Фильм начинается на месте преступления – железнодорожном вокзале. Мы знакомимся с первой парой персонажей – харизматичным главарем банды Жиганом, который лениво потягивает сигарету и следит за происходящим вокруг, и его подельницей, эффектной Мазихой. В углу стайка беспризорников играет в карты под присмотром мальчишки, которого в титрах представляют как «лучшего помощника Жигана», – Мустафы «Ферта». Когда из поезда вываливается толпа потенциальных жертв, взгляд Жигана падает на одну богатую даму, комично мечущуюся по бурлящему проспекту, где банда чувствует себя как дома. Через минуту ее чемодан исчезает. Камера отслеживает осуществленный бандой без сучка и задоринки маневр, будто в кинофарсе, так что, когда Жиган ухмыляется в ответ на жалкие крики дамы, нам тоже смешно. Но важнее то, что и публика на премьере, в том числе женщины, которые переставали выходить на улицу, настолько их терроризировали беспризорники, тоже смеялись с Жиганом и с удовольствием мычали в такт, услышав первую же блатную песню, под которую нам его представляют[190]. Через несколько дней этот мотив напевала вся Москва.

Исторически первыми звуками кино стали свисток паровоза и последовавшая за ним блатная песня. В фильме эти оставшиеся в вечности моменты используются для изображения преступности как развлечения публики, в реальной жизни ее опасавшейся. Пробуждение у зрителя сочувствия к хитрым и ярким воришкам кажется не столь удивительным в фильме, снятом по заказу тайной полиции, как бросающееся в глаза отсутствие даже намека на вмешательство полиции, когда преступники неспешно скрываются с кушем. И правда, конкретно это преступление, с которого начинается фильм, так и остается нераскрытым: зажиточная дама распрощалась со своим багажом навсегда. Камера беспечно оставляет вокзал и направляется в дом образцово-показательной пролетарской семьи, нарядно одетой для празднования пятнадцатилетия единственного сына, Кольки. Три персонажа, которых теперь представляют в титрах, – Отец, Мать и Колька – полная противоположность первых трех: Жигана, Мазихи и Мустафы. Казалось бы, нужно еще поискать пропасть шире той, которая разделяет жизнь уличных преступников и гармоничную жизнь Колькиной семьи: отец читает газету, сын в наушниках сидит у радио, а мать расчесывается. Несмотря на то что сцена с причесыванием максимально растянута благодаря рапиду, это всего лишь обычное женское действие, и мать просто покидает свое безопасное гнездышко. И тут самые серьезные страхи публики относительно походов на улицу, которую заполонили беспризорники, становятся реальностью: мать погибает из-за бездомного подростка, которого пытается удержать от кражи яблока. Граница между миром беспризорников и укромным миром счастливой советской семьи решительно пересечена – «яблочко хочется!» Мустафы приводит к гибели матери. Когда Колька сбегает на улицу, чтобы спастись от побоев ставшего алкоголиком отца, и вливается в банду Жигана, грань между двумя мирами стирается окончательно.

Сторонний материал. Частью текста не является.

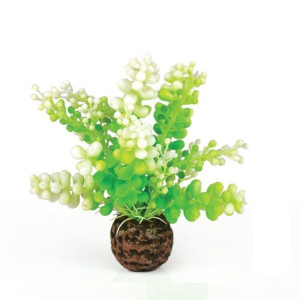 Decoratiune alga marina Caulerpa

Преступления бездомных малолеток выступают уже не сомнительным развлечением публики, а, скорее, чем-то, что может трагически изменить жизнь каждого. Толпа, окружившая умирающую мать, высказывает всеобщие гнев и обеспокоенность проблемой уличных детей и даже оглашает возможные ее решения, вроде «бандиты растут!., расстреливать их». Сквозь гул толпы прорывается женский голос: «Они не виноваты». В следующем кадре показывают едва двигающиеся губы умирающей матери, и можно предположить, что это ее последние слова. И действительно, фильм не только изображает беспризорников серьезной угрозой обществу, показывая гибель матери, но также вызывает сострадание к несчастным детям, отслеживая превращение самого Кольки из благополучного, счастливого ребенка в преступника.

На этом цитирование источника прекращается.